Unfortunately, there are poor professionals in veterinary field, just like in any other field. Do your research and ask questions. See what online reviews say and what other people's experiences were. Pay attention to details, such as :
1. From which school did the doctor graduate? What kind of specialized studies were offered in their school programs? What, if any, are their personal specialties?
2. What species of clientele do they regularly see? (If a clinic/doctor specializes in cats - look somewhere else. You want to find a good "dog" doctor)
3. Does the clinic staff participate in continuing education programs? Does the clinic staff participate in the social events, parades, fundraisers and charitable actions?
4. Will the clinic provide you with educational resources on the care and health of your shepherd? What other types of vets can they refer you to if any specialists are needed for your dog?
*** We want to add that when our puppies are sold to families, they come with an added benefit of AKC Pet Insurance and complimentary AKC Veterinary Network Coupon for one FREE vet exam. This coupon is for a wellness exam with any participating vet, please check for clinics in your area here: https://webapps.akc.org/vetnet/#/main
To us it is also very important that the style of a doctor, their inner personality matches ours. We want to speak the same language and understand each other clearly. But please keep in mind, that a good person does not mean a professional, and vise versa. It is awesome when all pieces of a puzzle come together and you can get both - awesome person AND a skilled professional - and it is a blessing when that happens.
To us, breeders, choosing a veterinarian is also part of the business strategy and we look into more specific aspects, such as:
Are they certified to take x-rays (hips, elbows, etc.)? Are they willing to help with reproductive procedures and do research, help with very specific cases?

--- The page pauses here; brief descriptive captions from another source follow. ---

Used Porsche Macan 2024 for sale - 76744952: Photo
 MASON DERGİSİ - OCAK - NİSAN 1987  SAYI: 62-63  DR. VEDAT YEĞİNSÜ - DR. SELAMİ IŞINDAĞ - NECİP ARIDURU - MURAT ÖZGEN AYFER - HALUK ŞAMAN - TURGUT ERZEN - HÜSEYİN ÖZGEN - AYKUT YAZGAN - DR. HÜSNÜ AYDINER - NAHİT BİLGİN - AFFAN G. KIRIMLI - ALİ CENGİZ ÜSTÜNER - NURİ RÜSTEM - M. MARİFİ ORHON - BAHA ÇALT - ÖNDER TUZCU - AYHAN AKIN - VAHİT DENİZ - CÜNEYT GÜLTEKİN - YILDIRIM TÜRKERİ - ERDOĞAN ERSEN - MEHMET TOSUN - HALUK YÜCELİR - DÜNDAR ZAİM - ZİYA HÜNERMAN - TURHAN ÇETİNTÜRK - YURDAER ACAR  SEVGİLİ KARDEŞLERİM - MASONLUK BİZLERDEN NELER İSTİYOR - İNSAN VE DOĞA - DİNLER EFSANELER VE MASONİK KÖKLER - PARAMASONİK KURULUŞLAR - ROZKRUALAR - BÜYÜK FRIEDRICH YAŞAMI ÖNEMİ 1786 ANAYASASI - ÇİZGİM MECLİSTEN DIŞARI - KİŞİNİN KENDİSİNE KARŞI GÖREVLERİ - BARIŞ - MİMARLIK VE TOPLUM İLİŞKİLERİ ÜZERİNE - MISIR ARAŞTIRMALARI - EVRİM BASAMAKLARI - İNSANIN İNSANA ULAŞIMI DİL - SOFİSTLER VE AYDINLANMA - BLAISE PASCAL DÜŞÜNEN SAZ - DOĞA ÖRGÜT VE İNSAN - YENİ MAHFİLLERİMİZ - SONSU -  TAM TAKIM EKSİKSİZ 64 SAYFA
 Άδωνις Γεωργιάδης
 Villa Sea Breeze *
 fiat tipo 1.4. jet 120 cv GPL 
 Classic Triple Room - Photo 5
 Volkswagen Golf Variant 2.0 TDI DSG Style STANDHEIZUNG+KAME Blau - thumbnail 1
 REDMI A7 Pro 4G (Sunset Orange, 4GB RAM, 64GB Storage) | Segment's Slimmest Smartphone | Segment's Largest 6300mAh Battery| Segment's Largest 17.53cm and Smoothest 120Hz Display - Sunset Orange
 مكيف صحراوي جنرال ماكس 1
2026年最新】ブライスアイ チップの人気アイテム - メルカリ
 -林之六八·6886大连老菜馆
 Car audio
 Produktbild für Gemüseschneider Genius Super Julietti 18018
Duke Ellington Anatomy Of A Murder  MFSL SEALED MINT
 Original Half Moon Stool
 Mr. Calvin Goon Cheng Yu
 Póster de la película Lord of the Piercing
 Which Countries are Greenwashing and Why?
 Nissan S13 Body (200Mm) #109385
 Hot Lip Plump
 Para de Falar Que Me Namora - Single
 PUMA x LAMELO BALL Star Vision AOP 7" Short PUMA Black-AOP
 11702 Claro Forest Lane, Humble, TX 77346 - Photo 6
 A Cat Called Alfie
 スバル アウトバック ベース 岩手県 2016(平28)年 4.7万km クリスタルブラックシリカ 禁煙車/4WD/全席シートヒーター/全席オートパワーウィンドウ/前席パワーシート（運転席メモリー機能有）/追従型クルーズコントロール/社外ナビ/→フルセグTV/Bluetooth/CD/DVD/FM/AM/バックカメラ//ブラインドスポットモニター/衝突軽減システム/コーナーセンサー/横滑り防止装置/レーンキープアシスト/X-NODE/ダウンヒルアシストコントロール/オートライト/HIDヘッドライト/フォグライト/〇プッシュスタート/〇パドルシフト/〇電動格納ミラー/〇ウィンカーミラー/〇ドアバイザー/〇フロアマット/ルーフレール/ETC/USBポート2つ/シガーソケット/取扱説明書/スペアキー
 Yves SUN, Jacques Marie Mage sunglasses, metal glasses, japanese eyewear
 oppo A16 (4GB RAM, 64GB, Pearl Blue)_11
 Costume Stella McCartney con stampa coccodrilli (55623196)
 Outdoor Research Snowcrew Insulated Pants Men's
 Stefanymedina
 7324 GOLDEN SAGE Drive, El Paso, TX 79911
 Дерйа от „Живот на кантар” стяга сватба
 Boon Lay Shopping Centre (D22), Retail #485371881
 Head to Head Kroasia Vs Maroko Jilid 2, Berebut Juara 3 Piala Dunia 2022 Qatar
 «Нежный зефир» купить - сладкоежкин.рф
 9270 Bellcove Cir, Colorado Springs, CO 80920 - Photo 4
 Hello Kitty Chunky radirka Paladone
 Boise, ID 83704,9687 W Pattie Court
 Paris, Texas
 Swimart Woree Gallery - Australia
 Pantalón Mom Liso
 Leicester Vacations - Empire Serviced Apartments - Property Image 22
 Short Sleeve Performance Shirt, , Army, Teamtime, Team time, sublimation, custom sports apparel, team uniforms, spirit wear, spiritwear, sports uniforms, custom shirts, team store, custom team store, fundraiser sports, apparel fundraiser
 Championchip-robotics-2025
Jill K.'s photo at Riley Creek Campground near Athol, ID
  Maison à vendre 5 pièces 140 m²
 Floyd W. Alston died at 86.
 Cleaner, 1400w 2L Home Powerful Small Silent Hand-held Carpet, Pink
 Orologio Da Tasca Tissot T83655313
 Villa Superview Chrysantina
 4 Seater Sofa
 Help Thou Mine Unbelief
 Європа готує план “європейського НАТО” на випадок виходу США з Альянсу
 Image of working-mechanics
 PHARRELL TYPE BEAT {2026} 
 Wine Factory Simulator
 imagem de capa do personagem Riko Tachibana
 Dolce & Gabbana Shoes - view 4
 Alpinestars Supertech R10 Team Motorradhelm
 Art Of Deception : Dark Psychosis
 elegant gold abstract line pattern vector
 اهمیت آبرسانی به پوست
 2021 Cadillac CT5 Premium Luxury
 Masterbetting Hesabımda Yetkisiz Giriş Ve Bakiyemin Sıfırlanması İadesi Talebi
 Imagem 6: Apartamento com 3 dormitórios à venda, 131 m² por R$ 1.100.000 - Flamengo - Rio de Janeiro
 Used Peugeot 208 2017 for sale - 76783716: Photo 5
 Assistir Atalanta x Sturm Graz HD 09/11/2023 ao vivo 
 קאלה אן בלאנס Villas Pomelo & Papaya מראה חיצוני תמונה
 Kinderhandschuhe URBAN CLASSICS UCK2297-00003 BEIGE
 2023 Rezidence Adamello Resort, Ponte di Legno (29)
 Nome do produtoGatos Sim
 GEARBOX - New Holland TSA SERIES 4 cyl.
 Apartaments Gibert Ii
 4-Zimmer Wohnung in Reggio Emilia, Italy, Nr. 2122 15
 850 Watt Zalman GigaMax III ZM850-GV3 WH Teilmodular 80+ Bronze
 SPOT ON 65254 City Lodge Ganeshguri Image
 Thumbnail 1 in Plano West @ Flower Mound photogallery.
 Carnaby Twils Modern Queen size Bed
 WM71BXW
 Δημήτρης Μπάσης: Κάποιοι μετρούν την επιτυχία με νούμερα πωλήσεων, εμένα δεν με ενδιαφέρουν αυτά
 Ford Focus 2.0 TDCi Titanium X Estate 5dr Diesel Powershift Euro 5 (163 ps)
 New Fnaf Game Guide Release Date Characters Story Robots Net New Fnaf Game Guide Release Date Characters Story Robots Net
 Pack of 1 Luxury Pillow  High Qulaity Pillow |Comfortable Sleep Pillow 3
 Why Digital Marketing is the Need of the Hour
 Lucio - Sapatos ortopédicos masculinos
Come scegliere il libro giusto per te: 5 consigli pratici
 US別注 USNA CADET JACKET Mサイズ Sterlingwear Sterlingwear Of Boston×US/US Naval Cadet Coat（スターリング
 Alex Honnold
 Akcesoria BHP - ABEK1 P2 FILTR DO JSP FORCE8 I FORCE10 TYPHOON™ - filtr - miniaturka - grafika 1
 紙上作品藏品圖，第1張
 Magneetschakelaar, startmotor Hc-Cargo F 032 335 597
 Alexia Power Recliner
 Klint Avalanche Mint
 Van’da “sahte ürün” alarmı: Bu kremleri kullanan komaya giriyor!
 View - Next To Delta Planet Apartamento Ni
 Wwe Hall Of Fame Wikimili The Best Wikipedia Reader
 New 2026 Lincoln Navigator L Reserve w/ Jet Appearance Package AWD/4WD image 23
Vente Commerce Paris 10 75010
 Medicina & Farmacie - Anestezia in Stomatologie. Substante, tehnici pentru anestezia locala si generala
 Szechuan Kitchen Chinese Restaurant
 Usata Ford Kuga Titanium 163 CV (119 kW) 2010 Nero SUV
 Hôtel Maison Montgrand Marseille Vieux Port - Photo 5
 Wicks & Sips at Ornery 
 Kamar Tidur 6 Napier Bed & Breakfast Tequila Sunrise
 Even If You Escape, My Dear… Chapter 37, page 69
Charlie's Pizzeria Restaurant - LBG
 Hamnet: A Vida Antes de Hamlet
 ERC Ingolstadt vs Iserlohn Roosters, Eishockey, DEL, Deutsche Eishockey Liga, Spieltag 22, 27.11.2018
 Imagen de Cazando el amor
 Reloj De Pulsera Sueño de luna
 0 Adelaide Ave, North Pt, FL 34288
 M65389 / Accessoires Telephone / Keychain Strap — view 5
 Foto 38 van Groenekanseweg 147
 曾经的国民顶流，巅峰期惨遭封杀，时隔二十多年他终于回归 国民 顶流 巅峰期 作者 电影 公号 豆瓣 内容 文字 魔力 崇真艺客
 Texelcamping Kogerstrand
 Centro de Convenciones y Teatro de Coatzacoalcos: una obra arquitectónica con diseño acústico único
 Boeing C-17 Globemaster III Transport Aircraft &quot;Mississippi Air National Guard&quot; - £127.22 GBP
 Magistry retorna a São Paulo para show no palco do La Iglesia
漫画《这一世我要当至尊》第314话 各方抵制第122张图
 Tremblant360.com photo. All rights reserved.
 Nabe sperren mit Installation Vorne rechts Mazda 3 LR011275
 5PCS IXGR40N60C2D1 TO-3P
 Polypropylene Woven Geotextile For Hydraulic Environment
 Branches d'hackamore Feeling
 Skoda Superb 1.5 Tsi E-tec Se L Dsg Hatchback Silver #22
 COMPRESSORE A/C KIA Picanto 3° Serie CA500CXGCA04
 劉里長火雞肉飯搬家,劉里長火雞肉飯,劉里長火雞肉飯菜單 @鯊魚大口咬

Are they interested to work with a breeder - see multiple dogs at once, provide references, answer MANY questions, etc.?
Do they have experience with cesarean procedures? Are they willing to assist in emergencies during labor?
Do they have an after office service for emergencies?
We visited more than a dozen veterinary clinics before we found one that we felt comfortable transferring our business with. We trust our veterinarian and we know that our dogs are in good hands and if we need help - it is just a phone call away.